#### Excerpted records:
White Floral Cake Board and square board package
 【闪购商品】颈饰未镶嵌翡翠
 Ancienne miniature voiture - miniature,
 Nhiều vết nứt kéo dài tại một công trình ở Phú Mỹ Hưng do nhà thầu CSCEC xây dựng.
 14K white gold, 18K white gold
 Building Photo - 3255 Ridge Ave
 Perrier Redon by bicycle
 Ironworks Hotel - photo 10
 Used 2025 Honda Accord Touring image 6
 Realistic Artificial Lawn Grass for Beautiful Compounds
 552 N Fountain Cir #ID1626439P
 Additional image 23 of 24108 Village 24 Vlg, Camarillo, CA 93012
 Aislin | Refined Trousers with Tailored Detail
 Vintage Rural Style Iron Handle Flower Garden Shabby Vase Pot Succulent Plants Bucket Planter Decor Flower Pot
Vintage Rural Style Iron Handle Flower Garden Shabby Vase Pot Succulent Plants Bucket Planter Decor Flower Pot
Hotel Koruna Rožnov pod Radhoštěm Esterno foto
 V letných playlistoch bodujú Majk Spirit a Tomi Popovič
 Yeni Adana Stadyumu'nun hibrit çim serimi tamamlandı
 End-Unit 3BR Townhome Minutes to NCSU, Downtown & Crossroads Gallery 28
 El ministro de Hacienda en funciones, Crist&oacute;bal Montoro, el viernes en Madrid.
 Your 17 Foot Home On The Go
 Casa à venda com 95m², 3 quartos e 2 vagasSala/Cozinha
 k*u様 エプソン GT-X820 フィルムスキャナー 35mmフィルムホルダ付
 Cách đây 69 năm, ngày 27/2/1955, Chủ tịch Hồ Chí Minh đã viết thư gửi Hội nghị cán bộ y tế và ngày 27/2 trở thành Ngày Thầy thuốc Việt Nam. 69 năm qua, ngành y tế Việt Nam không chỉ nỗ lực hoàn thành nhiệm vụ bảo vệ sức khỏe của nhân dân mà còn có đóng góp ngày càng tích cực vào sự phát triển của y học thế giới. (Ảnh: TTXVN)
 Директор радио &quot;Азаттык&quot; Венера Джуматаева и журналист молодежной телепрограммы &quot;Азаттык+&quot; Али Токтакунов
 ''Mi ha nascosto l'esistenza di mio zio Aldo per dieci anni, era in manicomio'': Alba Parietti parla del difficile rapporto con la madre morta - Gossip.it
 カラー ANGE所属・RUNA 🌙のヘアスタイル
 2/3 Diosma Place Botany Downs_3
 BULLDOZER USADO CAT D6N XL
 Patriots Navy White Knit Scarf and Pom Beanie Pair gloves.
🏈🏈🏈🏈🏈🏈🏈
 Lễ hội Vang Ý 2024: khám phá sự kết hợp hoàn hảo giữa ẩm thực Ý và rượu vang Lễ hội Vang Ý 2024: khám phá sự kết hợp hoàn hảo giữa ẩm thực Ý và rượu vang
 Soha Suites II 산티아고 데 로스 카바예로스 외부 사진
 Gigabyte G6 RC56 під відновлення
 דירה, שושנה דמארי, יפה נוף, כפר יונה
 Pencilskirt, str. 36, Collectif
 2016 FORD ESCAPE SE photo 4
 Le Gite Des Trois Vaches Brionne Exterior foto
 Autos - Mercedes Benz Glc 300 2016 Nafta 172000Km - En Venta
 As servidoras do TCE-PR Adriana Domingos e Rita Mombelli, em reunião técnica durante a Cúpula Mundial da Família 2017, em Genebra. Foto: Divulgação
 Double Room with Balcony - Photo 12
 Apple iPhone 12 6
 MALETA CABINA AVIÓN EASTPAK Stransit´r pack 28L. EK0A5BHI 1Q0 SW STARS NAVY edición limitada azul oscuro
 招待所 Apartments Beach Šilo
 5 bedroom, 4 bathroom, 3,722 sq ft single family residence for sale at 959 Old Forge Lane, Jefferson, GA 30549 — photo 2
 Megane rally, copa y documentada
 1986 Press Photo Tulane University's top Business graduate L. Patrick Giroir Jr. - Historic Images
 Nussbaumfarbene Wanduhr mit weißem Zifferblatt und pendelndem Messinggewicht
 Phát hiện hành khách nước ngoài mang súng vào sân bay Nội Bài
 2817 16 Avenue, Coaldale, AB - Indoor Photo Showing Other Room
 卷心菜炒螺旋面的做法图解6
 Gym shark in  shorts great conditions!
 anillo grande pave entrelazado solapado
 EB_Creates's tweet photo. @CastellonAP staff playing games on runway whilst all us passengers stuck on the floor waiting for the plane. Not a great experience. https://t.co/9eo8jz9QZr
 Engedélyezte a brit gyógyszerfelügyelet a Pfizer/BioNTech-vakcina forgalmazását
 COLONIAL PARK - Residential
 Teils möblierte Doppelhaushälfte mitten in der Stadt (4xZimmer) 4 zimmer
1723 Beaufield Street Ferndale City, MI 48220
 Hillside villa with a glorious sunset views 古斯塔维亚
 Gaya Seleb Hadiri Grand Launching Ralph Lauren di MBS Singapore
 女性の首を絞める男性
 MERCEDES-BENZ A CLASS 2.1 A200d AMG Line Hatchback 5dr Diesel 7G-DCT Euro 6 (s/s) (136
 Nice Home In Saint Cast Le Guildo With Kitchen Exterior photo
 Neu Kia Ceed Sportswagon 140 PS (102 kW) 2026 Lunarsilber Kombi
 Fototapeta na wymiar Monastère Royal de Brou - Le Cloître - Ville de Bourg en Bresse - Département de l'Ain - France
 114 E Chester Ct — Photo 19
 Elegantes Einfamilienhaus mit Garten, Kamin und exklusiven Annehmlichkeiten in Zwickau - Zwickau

#### Problem requirements:
Search the records for the word "Exterior", then list every line that has it.

#### Exercise answer:
 Le Gite Des Trois Vaches Brionne Exterior foto
 Nice Home In Saint Cast Le Guildo With Kitchen Exterior photo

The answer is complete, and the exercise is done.